Bo-Jhih Chen and Shen-Chuan Tai

Institute of Computer and Communication Engineering, Department of Electrical Engineering,

National Cheng Kung University, Tainan, Taiwan

E-mail: [email protected]

Abstract

- Motion estimation (ME) and discrete cosine transform (DCT) are major two parts for H.264/AVC, however, these two parts occupy most of computational time. Several studies focus on the fast motion estimation (FME) algorithm to reduce ME computations and then to accelerate the encoding process. FME has been optimized but we cannot neglect another parts on H.264/ AVC; i.e., integer-DCT (I-DCT) / quantization. With this concern, we propose an efficient method through the vector operations to early detect all-zero block (AZB) before the transform and quantization on H.264. Experimental results show that the proposed method is superior to other algorithms in terms of the hit detection rate and the computational complexity reduction at the expense of insignificant degradation of video quality.

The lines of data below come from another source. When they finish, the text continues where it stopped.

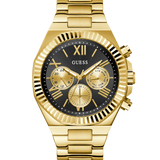 Equity Mens Gold Tone Multi-function Watch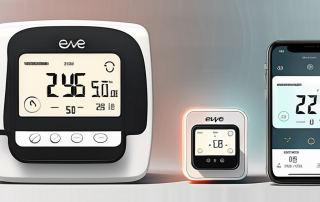 Different generations of the eve thermo smart thermostat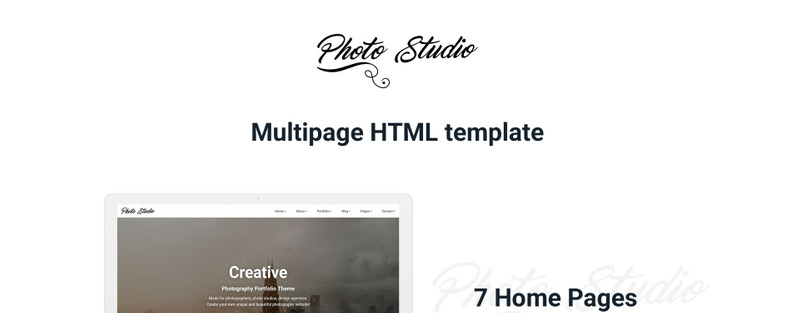 Photo Studio - Photo Portfolio Creative Website Template - Features Image 1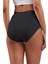 Elite Lite Kadın Yüksek Bel Dikişsiz Iz Yapmaz Slip Külot Siyah 811 2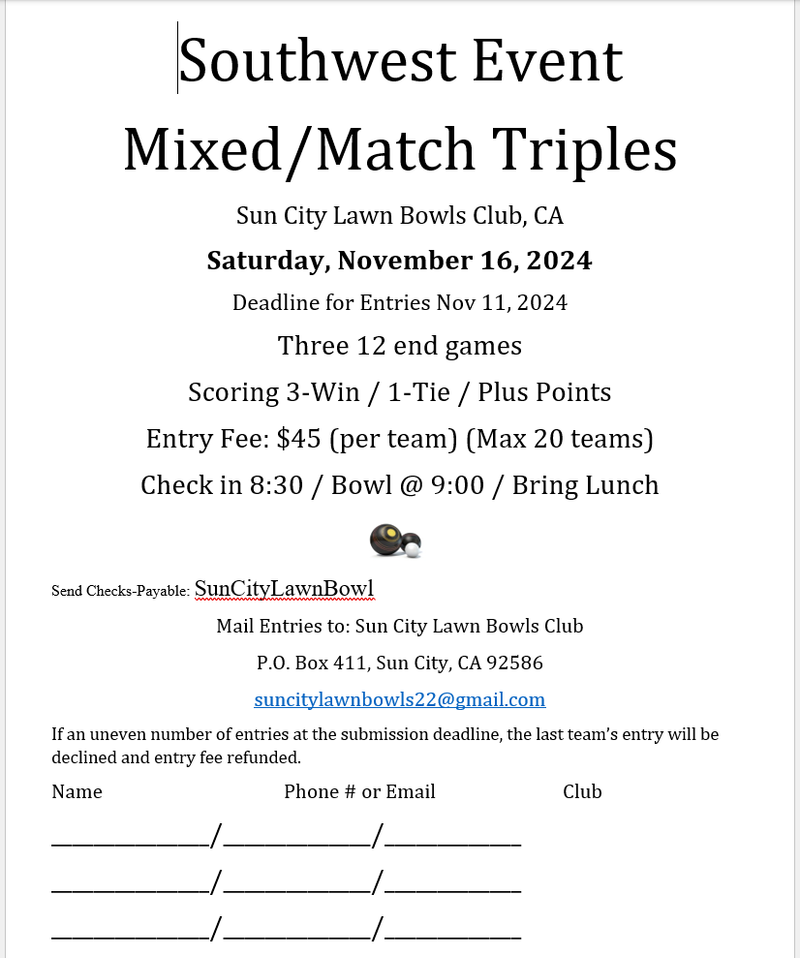 Mixed/Match Triples 2024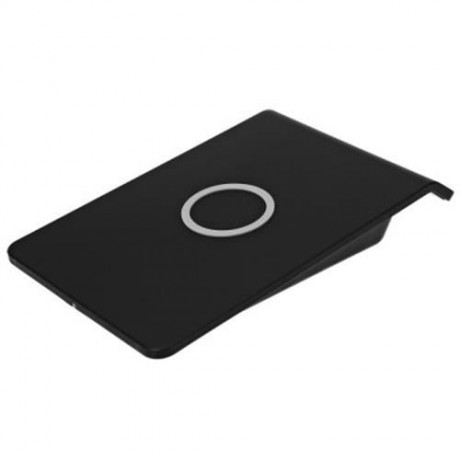 QI WIRELESS CHARGER USB OUTPUT CHARGING STAND (BLACK)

Keywords: H.264/AVC, DCT, I-DCT, AZB

1. Introduction

Most standard video coding technologies, like MPEG series, H.26x series [1]-[4] and H.264/AVC [5], are widely applied in various multimedia communications. Motion estimation, motion compensation, and discrete cosine transformation / quantization of H.264 are major processing functionalities for these codec standards. H.264/AVC is the latest video coding technology released by JVT team.

H.264/AVC outperforms existing video coding standards in terms of video coding performances [6], however, the considerable amount of computations of an H.264/AVC required encoder. A lot of research works have been dedicated on optimization of H.264/AVC including fast motion estimation and low-complexity transform and quantization [7]-[12].

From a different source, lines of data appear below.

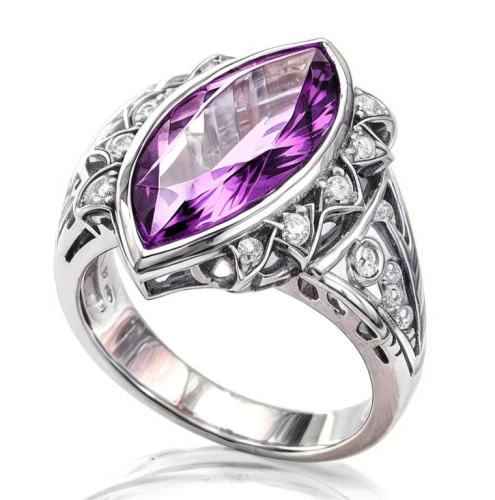 pre-engagement ring,colorful ring,ring jewelry,wedding ring,amethyst,engagement ring,diamond ring,ring with ornament,purpurite,finger ring,ring dove,ring,circular ring,titanium ring,gemstone,engagement rings,wedding band,light purple,gemstone tip,jewelry manufacturing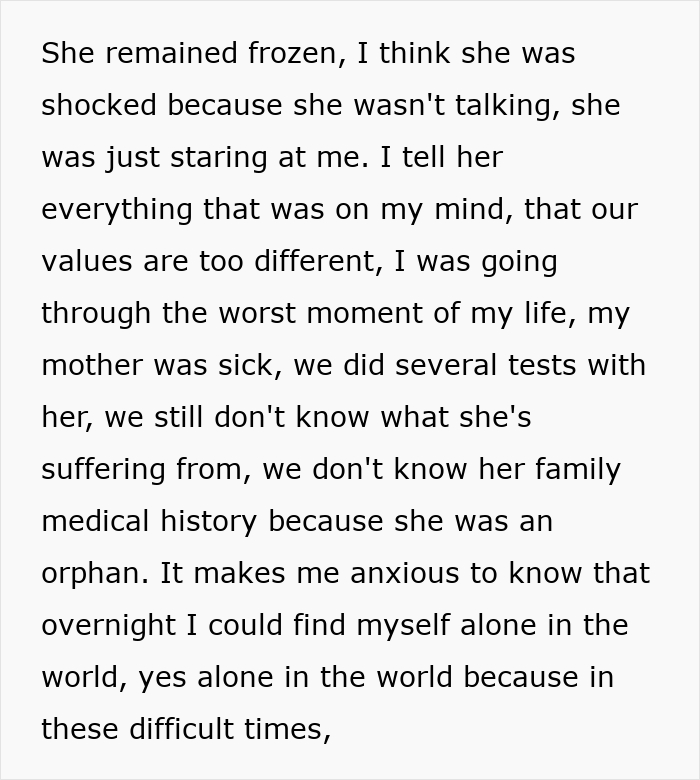 Wife Wants To Come Before Hubby’s Sick Mom, Her Ultimatum Makes Him Question The Entire Marriage Wife Wants To Come Before Hubby’s Sick Mom, Her Ultimatum Makes Him Question The Entire Marriage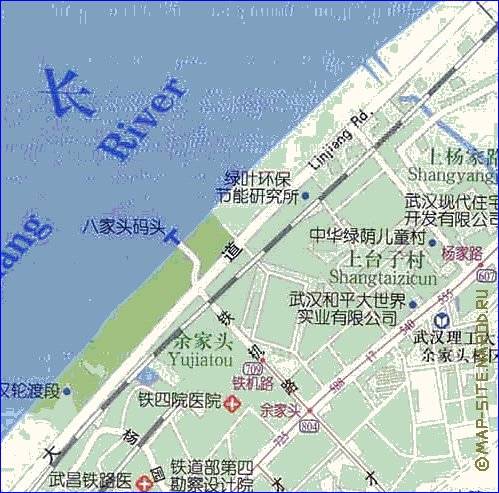 mapa de Wuhan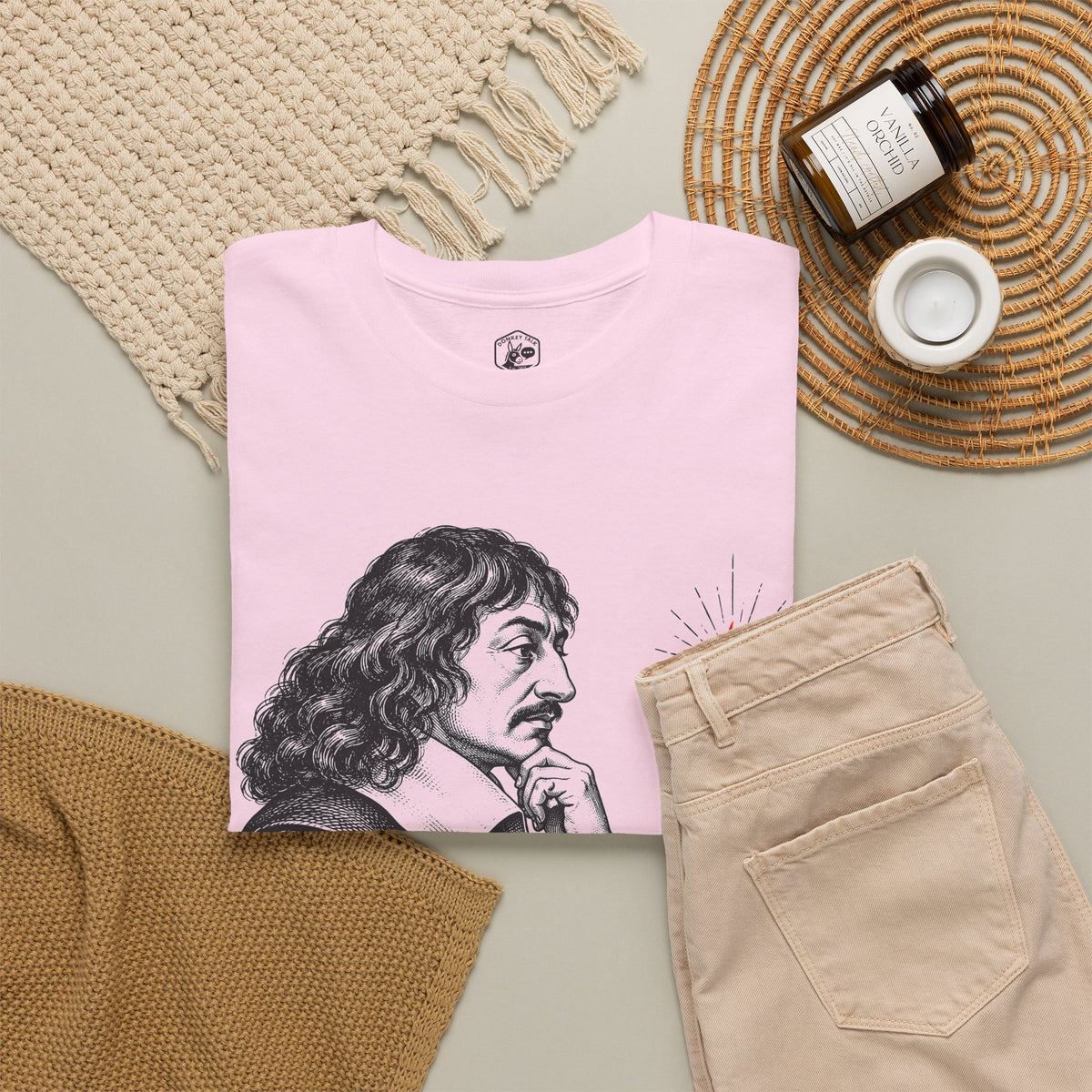 Cogito, Ergo Sum T-Shirt | Descartes I Think Therefore I Am Philosophy Tee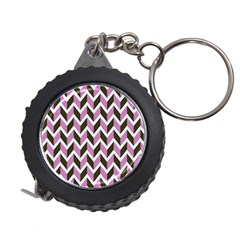 Zigzag Chevron Pattern Pink Brown Measuring Tape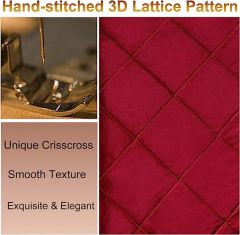 Blanket-Microfiber Lightweight Plush Reversible Throw Blanket-Burgundy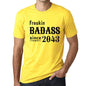 Freakin Badass Since 2043 Mens T-Shirt Yellow Birthday Gift 00396 - Yellow / Xs - Casual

Several studies concentrated on the optimization of motion estimation, but some works did not neglect to optimize the other portions to further speed up the whole of encoding in H.264. One way to accelerate the

encoder is to early detect an all-zero block (AZB) prior to transform process. Once a block is detected as an AZB, then transform/quantization can be skipped. An “AZB” block means that a 4×4 block of all sixteen transformed coefficients being zeros after quantization. Xuan [13] provided a simple method to verify that each residual block whether it omits the transform process. In [14], Sousa theoretically derived a sufficient condition for AZB detection. It based on the sum of absolute difference (SAD) and a quantization parameter (QP). Moon, et al. [15] proposed an approach derived from the theoretical observation of distinguish positions of transform coefficients in H.264.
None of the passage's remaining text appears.